ばばあをばっさりやって、ついでに善良のマリアを殺害。生きる行為が世間いうところの世の中と信仰を抹殺する。そりゃはじめっからわかっていた。世間へ出る=死ぬしかない。これは仏説ではない、比喩でもない、
「だれでもいい殺したかった。」
というガキンチョの心理学以外の理由だ。もっともまあ二番煎じ三番煎じは心理学の対象にしかならぬ。
信仰とはどういうことか、マリアが手を合わせる、信じている、いつの時代にもあった、理屈抜きの見てござるの神さま仏さま、善男善女という、今そういう一般人というのが存在するか。
存在しないとはいわぬ。
カルトや新興宗教がある。
マスコミの神さま、ふれあいの神さま、戦争は悪いの神さま、なんの神さま、信仰より始末に悪い雑念。
「庶民には神さまが必要だ。」
ということがわかったと、今更ながらのようにゲ-テがいった。じゃゲ-テには神さま不要だったかというと、ゲ-テスアオゲンというゼウスの目、もっと光をという、あの目を維持するには、相応のぜにかねも必要だったし、操欝病じみた大騒ぎも必要だった。
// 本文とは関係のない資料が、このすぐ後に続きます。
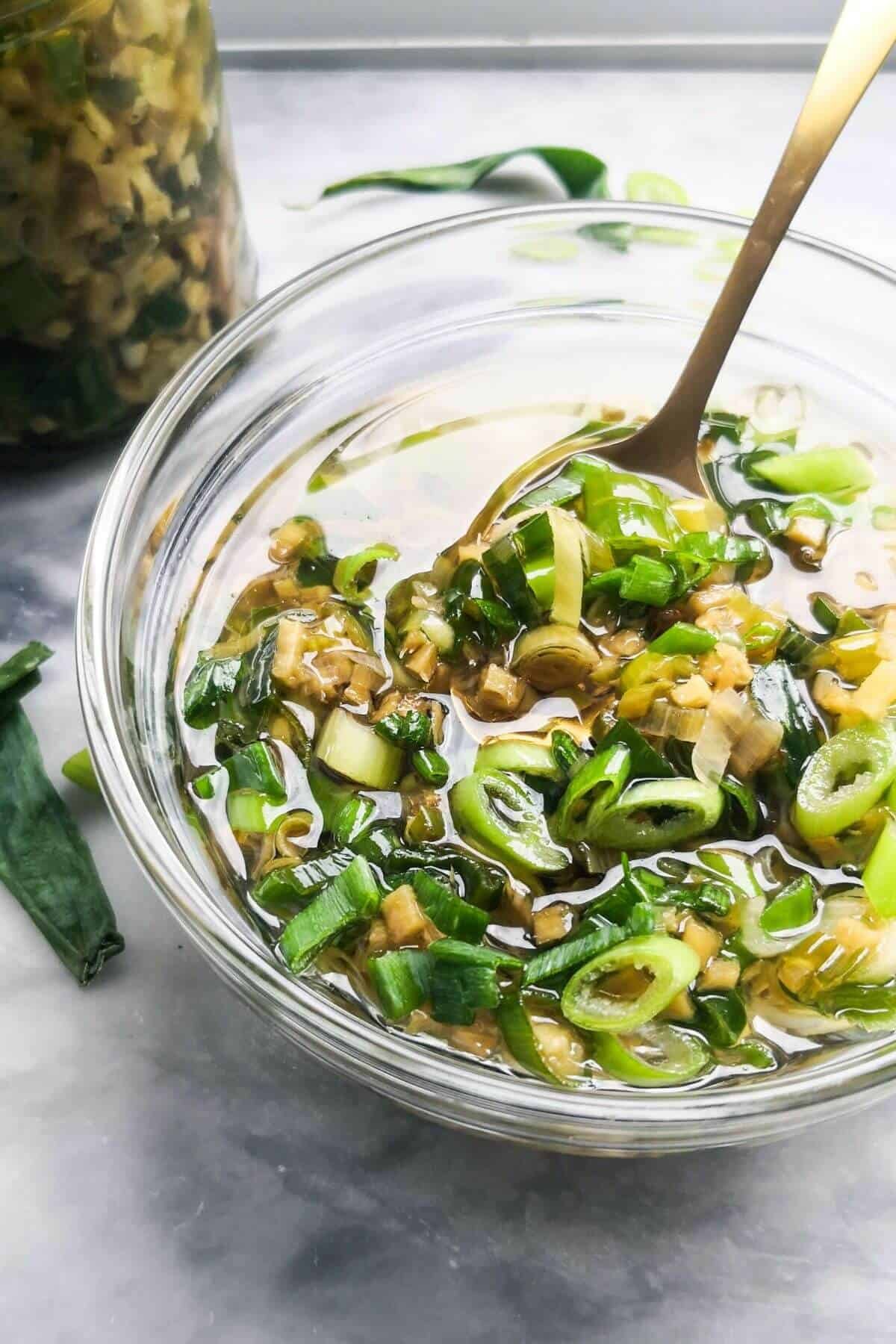 Ginger and spring onion oil in a small glass bowl, with a glass jar of oil in the background.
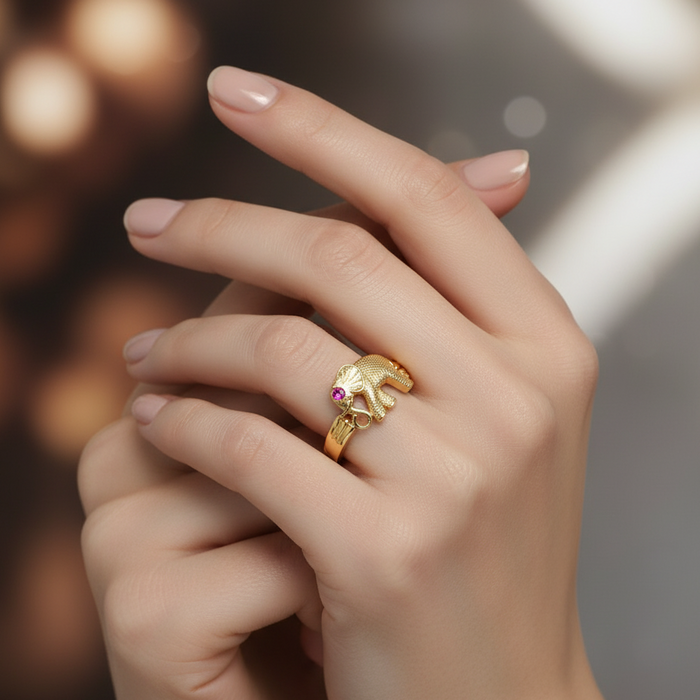 Gold ring with a bear design on a person's finger against a blurred background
良寛とゲ-テが似ているという、たしかに古典性という、自然詩人という、似ていることも似ている、だが良寛は無一文のなりふりかまわず、ゲ-テはそうは行かない、一定の条件が整わないと、嶺々に憩いありというわけには行かない、なぜか行かない。
無心と有心の違い。
無心とは赤ん坊の目だ、目のない人自分のない人の目だ、ただだ、すべてがすべてとしてうつる。
有心は大人の支配者の目だ、ことだまという自然さえ思い通りにしようという、聞き手が欲しいうるさい、どうしてもただにはならない。すべてはわがもの。
「大衆にはノウかイエスだ、その中間はありえぬ。」
といったヒットラ-とオウムの違いはというと、ノウハウあるいはト-ンの違いの他なく、ゲ-テとヒットラ-の違いも本質的に同じという他なく。
ラスコ-ルニコフの欲しいものはなんだった、ヒットラ-になりたいかゲ-テになりたいか、違うただの人になりたい、人の子になりたかった。
有心の子。
ただじゃなかった。有料だった、地下室の一人っきりじゃどうにもならない。
だんだん面倒臭くなっちゃった、そうだった、一神教のワンタッチ体験、さらっとやろうと思ったのに、どうもいかんなあ、でもこれ実に深刻だったんだ、だ-れにもいえぬトラウマ、洋の東西を結ぶ蝶番ってやつでさ、青春は美はし、どえれえまあ七転八倒であってさ、差し違え人生ってのかな、は-て結局な-んもならなかった、禅宗無門関と来たら、そんなものにゃな-んも関係なく、バカかってぐらい、まそれじゃなくっちゃしょうがないけどさ。
もし一神教ヨ-ロッパで悩んでる人あったら、悪態なんかついてないで真っ正直聞いておくれ、悪いようにはしないよ、答え出すだけの苦労はしたつもりだってね。